KUALA LUMPUR: Felda Global Ventures Holdings Bhd (FGV), the world’s largest palm oil producer by planted acreage, said it is now deliberating on the change of its chief executive officer (CEO), a post currently held by Datuk Mohd Emir Mavani Abdullah.

The announcement comes amid various acquisitions that are still in the works, with some pending approval from shareholders, raising questions about whether negotiations could be scuttled.

“The board of FGV will deliberate on the appointment/change of FGV CEO and will make the requisite announcement immediately upon the receipt of the nomination letter from the relevant authority,” it said in a filing with Bursa Malaysia yesterday.

However, it did not disclose who the authority is.

Emir’s contract expired on July 15, 2015, and it is understood that he has been on a short-term contract since then.

FGV last Friday issued a statement, saying Emir will continue to serve as its CEO and president, after local media reported that he may be replaced next month.

According to a news report, Emir, who was appointed to his current post on Jan 1, 2013, is expected to be replaced by Datuk Zakaria Arshad, the head of the group’s downstream operations.

Emir is currently presiding over what is arguably one of the group’s most controversial acquisitions — the ongoing planned acquisition of a stake in Indonesia’s PT Eagle High Plantations Tbk, which was proposed at a time when the group was grappling with depressed palm oil prices and declining profits.

The deal initially involved the acquisition of a 37% stake in Eagle High for US$680 million (RM2.79 billion).

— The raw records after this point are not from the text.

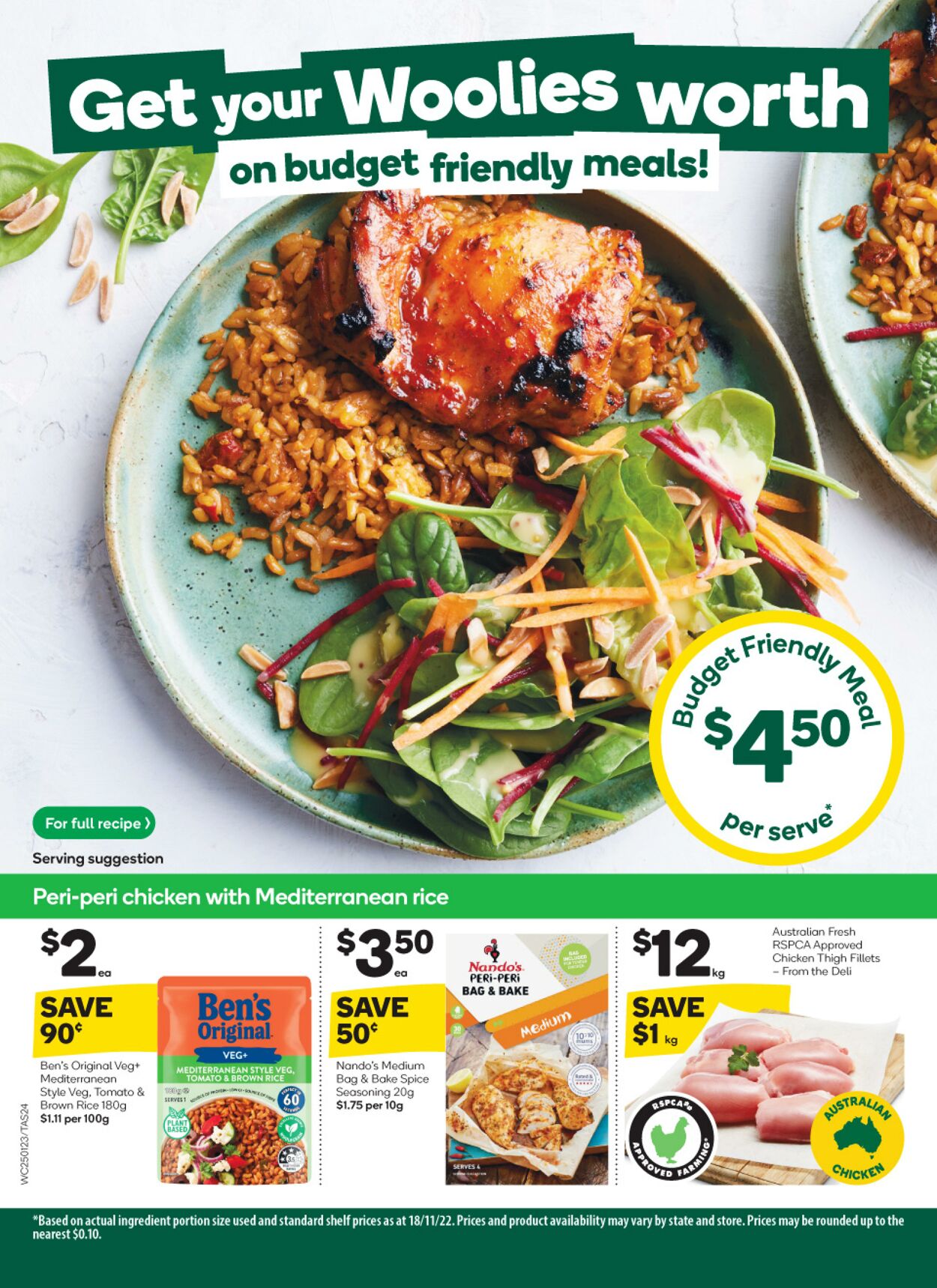 Catalogue Woolworths 25.01.2023 - 31.01.2023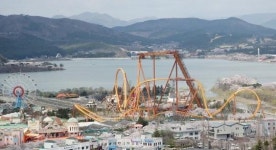 경주월드서 놀이기구 추락, 10여 명 탑승…“올라가던 중 갑자기 기울면서 떨어져”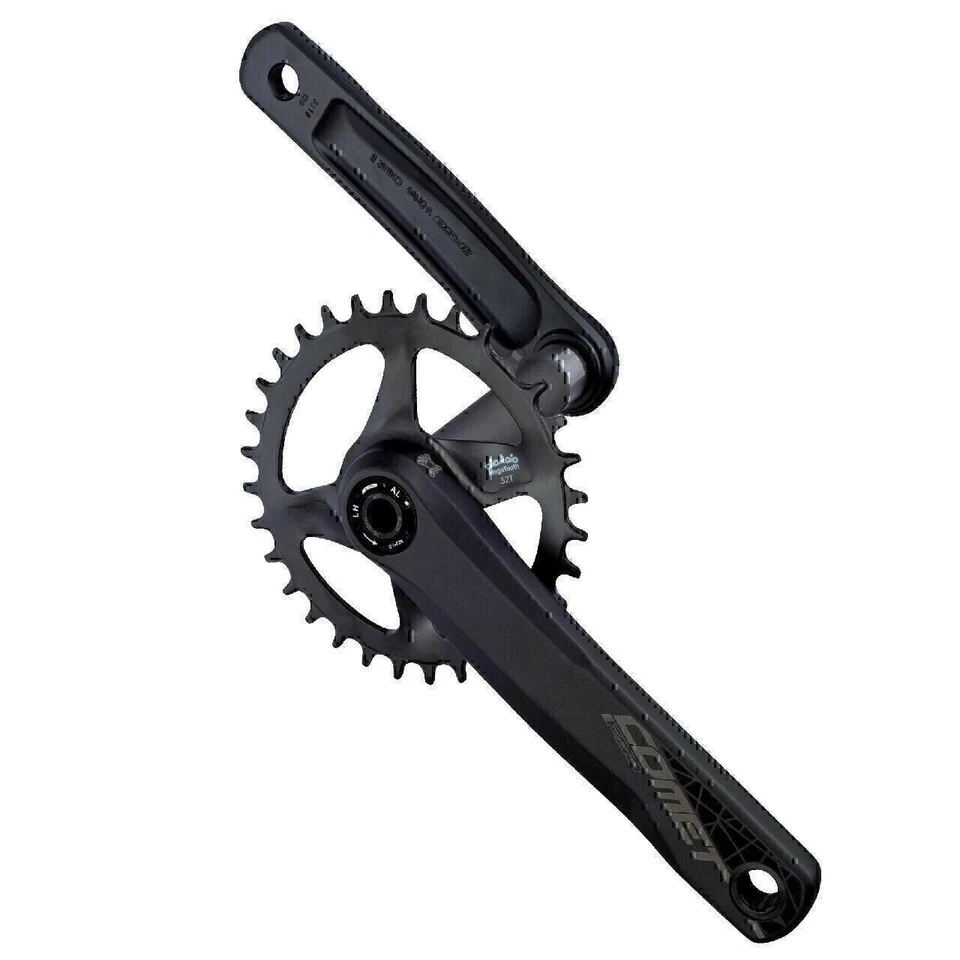 FSA Comet Direct Mount Crankset Modular 1x11 Fat 100mm MegaExo Alloy 30T-175 - Image 4 of 4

However, analysts and substantial shareholder Employees Provident Fund had criticised the deal was expensive.  

However, Emir had defended the deal, saying FGV was not overpaying for the stake and it would not be taking on too much debt and that it was being pursued purely for commercial reasons.

The initial deal was later scrapped due to the change in market conditions.

Over the weekend, The Edge weekly, quoting sources, reported that FGV is out of the deal to buy the equity interest in Eagle High and other businesses from Rajawali and that Felda Investment Corp will instead but the 37% stake in Eagle High, as well as Rajawali’s sugar cane plantations and mills.

The group has also recently proposed to buy a 55% stake in Zhong Ling Nutril-Oil Holdings Ltd for RM976.25 million, which has raised concerns that FGV is embarking on too many acquisitions since its listing in 2012.

In a separate filing with Bursa yesterday, FGV said the terms and conditions of its two sale and purchase agreements (SPA 1 and SPA 2) regarding the proposed acquisition of the stake in Zhong Ling were made at “arm’s length and in the ordinary course of commercial negotiations”.

FGV on Feb 26 announced that it had entered into two conditional SPAs with Zhong Hai Investments Holdings Ltd and other vendors, for the transfer of 26.4% and 28.6% stakes in Zhong Ling for RM537.05 million and RM439.2 million respectively.

“As a result of the negotiations and based on parties having commenced the application process for approvals from the regulators in April 2015, parties agreed that the conditions precedent are to be fulfilled within five business days,” it added.

FGV noted that, however, the application to one of the regulators was cancelled pending more information on the investment from the group. “To date, no subsequent application has been submitted to the said regulator,” it said.

“Under no circumstances whatsoever does the board of FGV imposes an express or implied obligation on the regulators to process and approve any approval in connection with the proposed acquisition within any time period agreed by the parties in SPA 1 and SPA 2,” it added.

The acquisition is subject to shareholders’ approval.